Landgericht Halle

Mann aus Braunsbedra wegen Drogenhandels verurteilt

Der 38-Jährige bekommt eine Freiheitsstrafe von drei Jahren und muss sich in eine Entzugsanstalt begeben.

Von Laura Nobel 19.01.2022, 12:12
Der Verurteilte soll unter anderem mit Cannabis gehandelt haben.
Der Verurteilte soll unter anderem mit Cannabis gehandelt haben. Daniel Karmann/dpa

Braunsbedra/Halle/MZ - Als die Staatsanwältin und der Verteidiger ihre Plädoyers hielten, brach der Angeklagte in Tränen aus. Der Prozess ging dem 38-Jährigen aus Braunsbedra sichtlich nahe. Er musste sich vor dem Landgericht Halle wegen Drogenhandels verantworten. Am Dienstag wurde er zu einer Freiheitsstrafe von drei Jahren verurteilt. Um seine Drogensucht überwinden zu können, hat sich das Gericht für eine Unterbringung in einer Entzugsanstalt entschieden.
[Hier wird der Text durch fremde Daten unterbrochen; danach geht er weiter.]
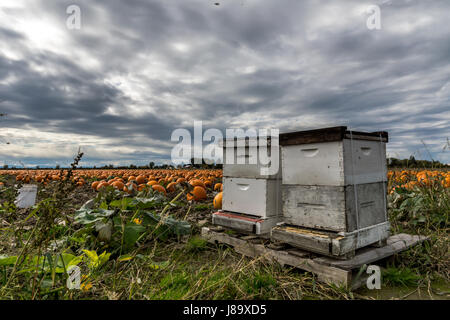 Honigbienen und Kürbisse auf Westham Insel in Ladner BC Stockfoto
Im Sommer 2021 war der Angeklagte am Bahnhof Braunsbedra mit Cannabis und einem als MDMA bekannten Amphetamin im Rucksack erwischt worden, als Polizisten ihn kontrollierten. Er hatte auch zwei Taschenmesser und Bargeld bei sich. Weitere Betäubungsmittel sowie Utensilien zum Verpacken und Wiegen von Drogen fand die Polizei bei einer Durchsuchung seiner Wohnung. Von Anfang an hatte sich der Angeklagte kooperativ gegenüber den Beamten gezeigt, stritt jedoch den Handel ab. Die Drogen im Rucksack habe er zu seinem Kollegen bringen wollen, wo er wenige Tage später seinen Geburtstag feiern wollte.

„Er brauchte den Handel, um seinen Konsum zu finanzieren“

Aus Sicht der Staatsanwältin stand jedoch fest, dass die Drogen nicht nur für den Eigenbedarf bestimmt waren. „Vielmehr hat er den Handel gebraucht, um seinen Konsum zu finanzieren.“ Für den Handel spreche auch eine Haarprobe des Angeklagten, die ergab, dass er gar kein Cannabis konsumiert hat. Über 40 Klemmtütchen und das Bargeld, das er bei sich trug, seien weitere Hinweise auf Drogengeschäfte. Wegen der zwei Taschenmesser, die der Braunsbedraer „zugriffsbereit im Rucksack hatte“, kam die Staatsanwältin zu dem Ergebnis, dass der Angeklagte bewaffneten Drogenhandel betrieben hat und plädierte für eine Freiheitsstrafe von drei Jahren und sechs Monaten.

Eine Bewährungsstrafe schloss die Staatsanwältin aus - im Gegensatz zum Verteidiger. Es gehe darum, wie man dem Menschen helfen kann. „Er braucht eine Therapie und will sie auch“, betonte er und forderte eine Freiheitsstrafe von zwei Jahren zur Bewährung in Kombination mit einer Therapieauflage. Für den Angeklagten spreche dessen kooperatives Verhalten. Er habe freiwillig die Drogen aus seinem Rucksack an die Beamten übergeben und sei sofort geständig gewesen, was den Drogenbesitz anbelangt. Es sei „nicht völlig fernliegend“, dass die Drogen aus dem Rucksack nur für die Party bestimmt waren. Außerdem habe er inzwischen einen Job, den er sich selbst gesucht habe und an dem er sehr hänge. „Der macht sowas keineswegs noch mal“, war sich der Verteidiger sicher.

Gericht entschiedet sich für Unterbringung in Entzugsklinik

Auch das Gericht hält eine Therapie für notwendig, sah eine Bewährungsstrafe jedoch erstmal nicht als Option. Der einzige Weg sei die Unterbringung in einer Entzugsanstalt. Die Dauer des Aufenthaltes liegt in der Regel bei maximal zwei Jahren. Der Rest der Freiheitsstrafe kann zur Bewährung ausgesetzt werden. Das Gericht sah es, wie die Staatsanwaltschaft, als erwiesen, dass der Braunsbedraer mit Drogen gehandelt hat. „Sie konnten uns nicht vom Gegenteil überzeugen“, sagte der Vorsitzende Richter. Bewaffnetes Handeltreiben könne man dem Angeklagten jedoch nicht nachweisen.